Mais comme un bon chien également, nous répondons avec le sourire et remplissons notre tâche parce qu'au delà de tout ce qu'on peut entendre, ce qui nous caractérise surtout (du moins c'est vrai pour les personnes que je fréquente au boulot) c'est la volonté de bien faire.


Non non, quand on vous propose une solution plus avantageuse, ce n'est pas pour vous piéger ou parce qu'on vous veut du mal, c'est juste que c'est plus avantageux, alors ça nous paraît logique de vous faire profiter de notre "savoir".


Je travaille surtout via un service de Chat en ligne, et oui, dans un centre d'appels, on ne fait pas que dire "allô" à longueur de journée, on sait aussi faire plein d'autres choses, il ne faut pas croire, on ne bosse pas là-bas parce qu'on n'est bon à rien d'autre, mais souvent parce qu'on a des factures à payer, ou parce qu'on préfère un job, même mal reconnu par le commun des mortels, que de rester chez nous, au chaud, aux crochets de la société... 


C'est très drôle de lire les mots des clients qui pensent que nous sommes des robots.

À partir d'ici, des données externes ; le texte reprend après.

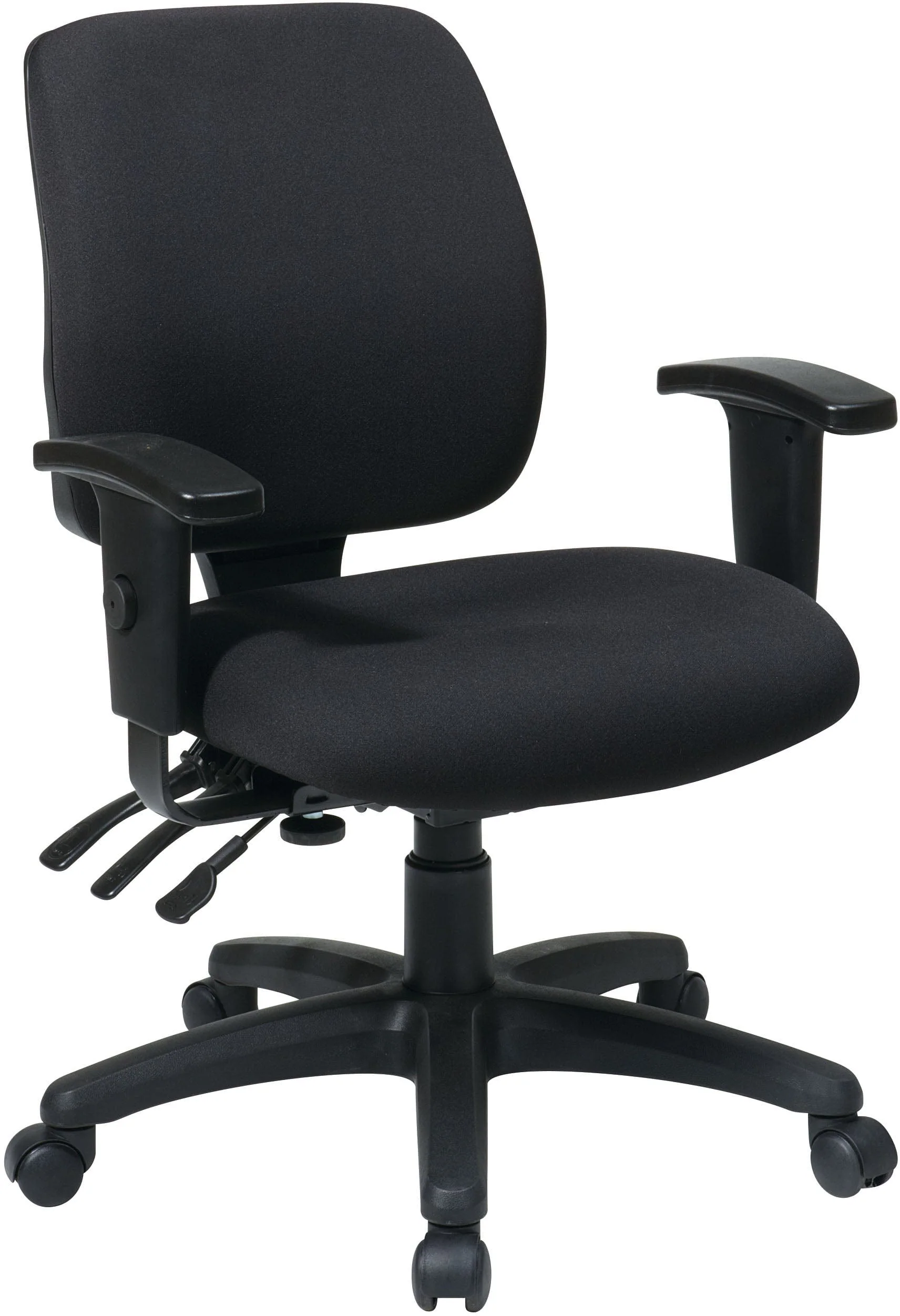 Office Star Mid Back Dual Function Ergo Chair [33327]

Souvent, leur discours commence par "Prouvez-moi que vous n'êtes pas une machine" . Je me demande toujours ce qu'ils attendent de nous? Qu'on leur donne notre numéro pour qu'ils puissent vérifier que nous sommes bien vivants, qu'on respire, qu'on vit, que les paroles méchantes nous blessent, que nous sommes aussi touchés par un petit geste de reconnaissance?


Notre boulot n'est pas simple, mais il m'a permis de rencontrer des personnes extraordinaire, ma prime ne se calcule pas en chiffres, elle n'est pas sur ma fiche de paie, elle est sur le visage des personnes avec qui je travaille au quotidien quand j'arrive à les faire sourire, et ça, ça n'a pas de prix.


vendredi 24 mai 2013

Métro, boulot, bobo...

Je ne vous ai jamais dit ce que je faisais dans la vie, quand je n'étais pas accrochée à mon clavier en train de vous parler, ou en train de chouchouter ma petite famille...

J'exerce un métier (ça s'appelle comme ça il parait) très répandu...et très peu valorisé : je suis chargée de clientèle en téléphonie mobile... Terme bien pompeux pour dire que je répond au téléphone aux demandes (parfois farfelues) des clients.

Je me doutais bien, quand j'ai commencé à travailler là-bas que la tâche ne serait pas forcément facile, mais ce à quoi je ne m'attendais pas du tout, c'est que ce boulot serait un grand révélateur.

Avant de décrocher le téléphone pour la première fois avec "ma voix de téléphone rose" comme le dit si joliment mon petit mari pour me taquiner, je ne savais pas à quelle point la misère était présente dans le monde actuel.

Oh non, pas la misère financière, celle-là, je m'étonne toujours de la voir dans les sondages qu'on nous présente à la télévision à grands coups de graphiques, non, celle, bien plus vicieuse et omniprésente que je côtoie au quotidien : la misère "humaine".

C'est choquant de voir à quel point une parole aimable peut révéler un manque...un vide social terrible et qui m'attriste profondément.

Entre les "anciens" qui n'ont que rarement de contacts avec leur progéniture et les parents d'ados désespérés de ne trouver de moyen pour briser la glace, nous entendons, mes collègues et moi des histoires différentes chaque jour mais pourtant qui vont dans le même sens : plus les moyens de communications sont nombreux, plus la technique avance pour nous "rapprocher", plus les contacts humains se font rares.

Quasiment toutes les enseignes offrent maintenant des appels illimités, pourtant, c'est plus souvent par l'intermédiaire des réseaux sociaux ou des on-dits que l'on prend des nouvelles des personnes qui nous sont soit-disant chères...n'y aurait-il pas quelque chose qui cloche?